Kegiatan ini bertujuan untuk memberikan dasar-dasar keterampilan membaca kitab kontemporer, dasar-dasar kemahiran menerjemahkan dari bahasa Arab ke bahasa Indonesia, dan pemahaman terhadap konsep-konsep radikalisme sebagaimana tercantum dalam buku ini. Output dari pelatihan adalah diperolehnya bahan ajar tentang karakteristik radikalisme Agama.

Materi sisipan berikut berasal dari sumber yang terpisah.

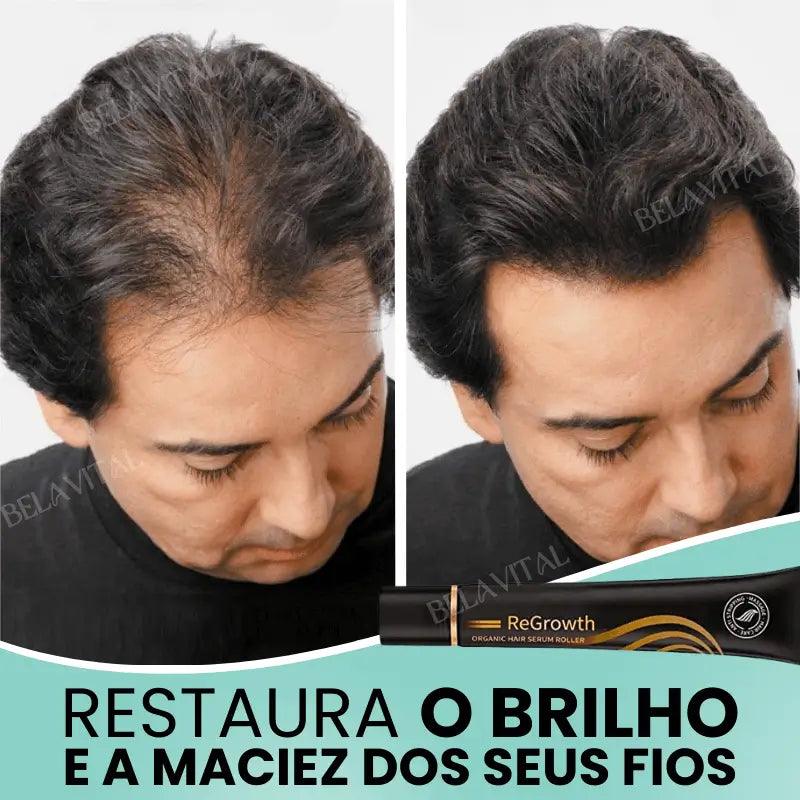 Kit Repair Hair Pro+ con Regalo Exclusivo: ¡El Tratamiento Más Completo Contra la Caída del Cabello y la Calvicie!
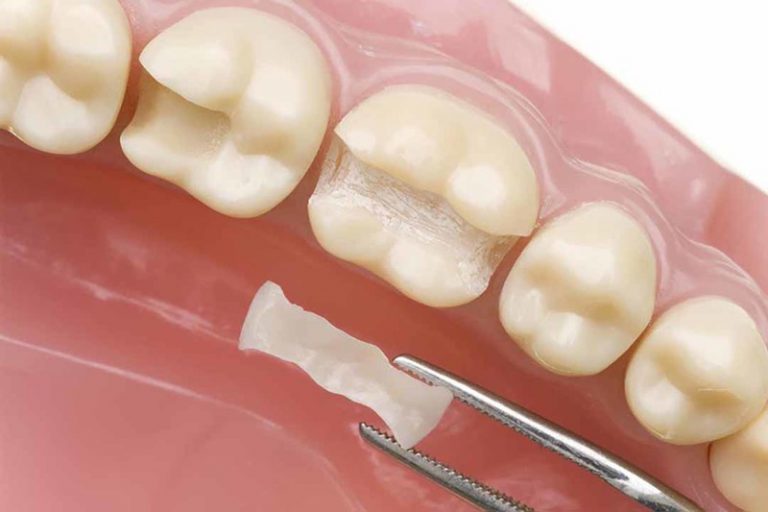 Hình ảnh trám  răng bằng trám kính Lonomer tại nha khoa SV quận 3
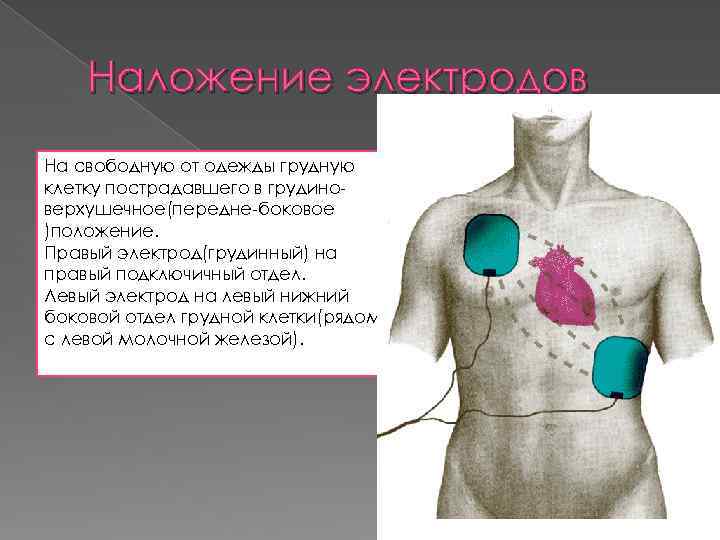 Наложение электродов На свободную от одежды грудную клетку пострадавшего в грудиноверхушечное(передне-боковое )положение. Правый электрод(грудинный)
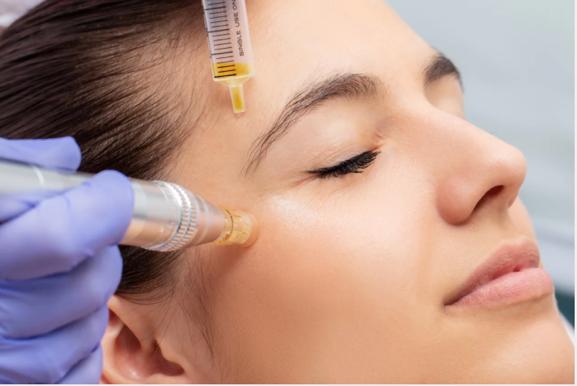PRP/Vampire Facial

Lebih janut,mengubah paradigma keislaman yang cenderung teologis induktif maka diperlukan sebuah  program literasi kitab-kitab klasik dan kontemporer, dengan harapan setelah guru-guru PAI mampu membaca dan menerjemahkan, mereka dapat menggali informasi dan argumen baru tentang radikalisme sehingga dapat menyikapi dengan tepat fenomena radikalisme beragama.

Pelaksanaan Pelatihan ini terbagi menjadi dua bagian yaitu sesi teori dan sesi praktek. Metode yang digunakan dalam sesi teori adalah ceramah, diskusi, tanya-jawab, dan sharing pengalaman. 

Sesi praktek dilakukan melalui sesi wokshop di mana peserta dibagi menjadi beberapa kelompok, dan masing-masing kelompok diminta untuk membaca dan menerjemahkan Kitab Al-Insaniyah Qabla at-Tadayyun karya Habib Ali Zainal Abidin al-Jufri seorang ulamat moderat dari UEA. 

Kitab tersebut merupakan kumpulan tulisannya di berbagai media yang berisi kritik dan perenungan terhadap realita umat islam yang terjebak kutubisasi sekuler dan radikal. Moderasi islam menurut Habib Ali Al-Jufri adalah beragama yang berorientasi kepada kemanusiaan dan menampik segala bentuk radikalisme sekuler maupun agama.

Kegiatan ini mendapat antusias yang sangat baik dari para pesertanya. Hal ini dibuktikan dengan hasil penilaian dan pemberian kesan pesan oleh peserta melalui kuesioner yang dibagikan.